Now let's work with the data file. [Complete Works of William Shakespeare](http://www.gutenberg.org/ebooks/100) from [Project Gutenberg](http://www.gutenberg.org/wiki/Main_Page). To be able to work with it, we have to upload the data file to Databricks platform:
* Go to Data (on left bar menu) and press over the sign '+' of Tables (new table)
* Select:
  - Data source: 'Upload File' (default option) 
  - Upload to DBFS: don't do anything (we will use a default path)
  - File: drop or select the file 'shakespeare.txt' 
  
Then, you will see "File uploaded to /FileStore/tables/shakespeare.txt". This indicates that the file has been sucessfully uploaded and it also provides you the path file ("/FileStore/tables/shakespeare.txt"). 

Now, go back to the notebook and run the following cell to create an RRD with the content of the text file.
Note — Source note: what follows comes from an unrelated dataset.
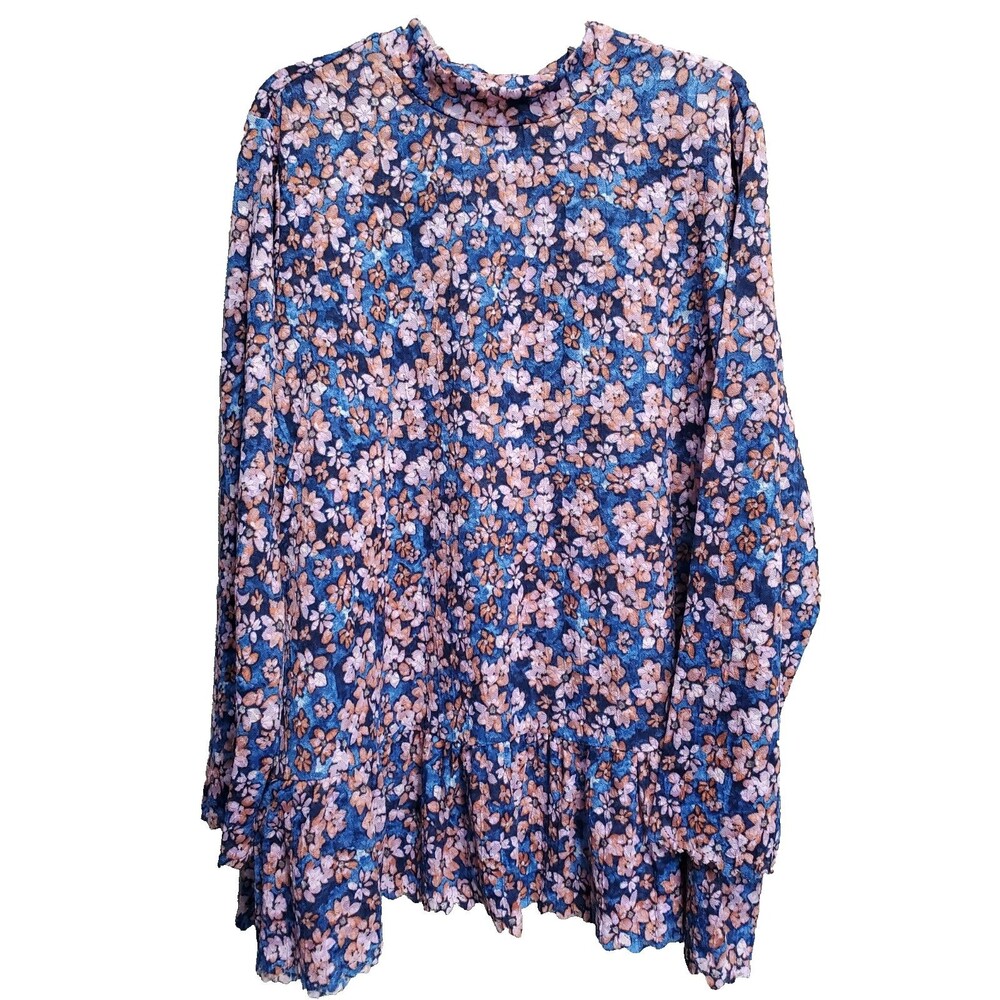 Logo by Lori Goldstein Ditsy Floral Print Peplum Hem Mock Neck Tunic Size 3X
Note that each line of the file will become an element of your RDD.

In [35]:
#textRDD = sc.textFile('/FileStore/tables/100_0-67cbc.txt', 8)
textRDD = sc.textFile('/FileStore/tables/shakespeare.txt', 8)

print("Number of lines of text = %d \n" % textRDD.count())

print("First 10 lines of the file:")
print(textRDD.take(10))

** Exercise:** Use the code written in the previous section ("3.- Counting words") to obtain the counts for every word in the text. Print the first 10 results. Observe the result, is this what we want? What is going wrong?

In [37]:
#Complete the #FILL IN# gaps
countingWords = textRDD.flatMap(lambda x:x.split(" "))
#print(countingWords.take(10))
countingWords = countingWords.map(lambda x:(x,1))
#print(countingWords.take(10))
countingWords = countingWords.reduceByKey(lambda a,b:a+b)
print(countingWords.take(10))
#.flatMap(lamba x:(x,1))
#countingWords=countingWords.filter(lambda x:x[1]==111)
print(countingWords.take(10))

**_The answer should be_:**
<pre><code>
[(u'', 9493), (u'    thou diest in thine unthankfulness, and thine ignorance makes', 1), (u"    Which I shall send you written, be assur'd", 1), (u'    I do beseech you, take it not amiss:', 1), (u'    their mastiffs are of unmatchable courage.', 1), (u'    With us in Venice, if it be denied,', 1), (u"  Hot. I'll have it so. A little charge will do it.", 1), (u'     By what yourself, too, late have spoke and done,', 1), (u"  FIRST LORD. He's but a mad lord, and nought but humours sways him.", 1), (u'    none will entertain it.', 1)]
</code></pre>

** Exercise:** Modify the above code by introducing a operation which divides each line into their words and makes each word become an element of the RDD.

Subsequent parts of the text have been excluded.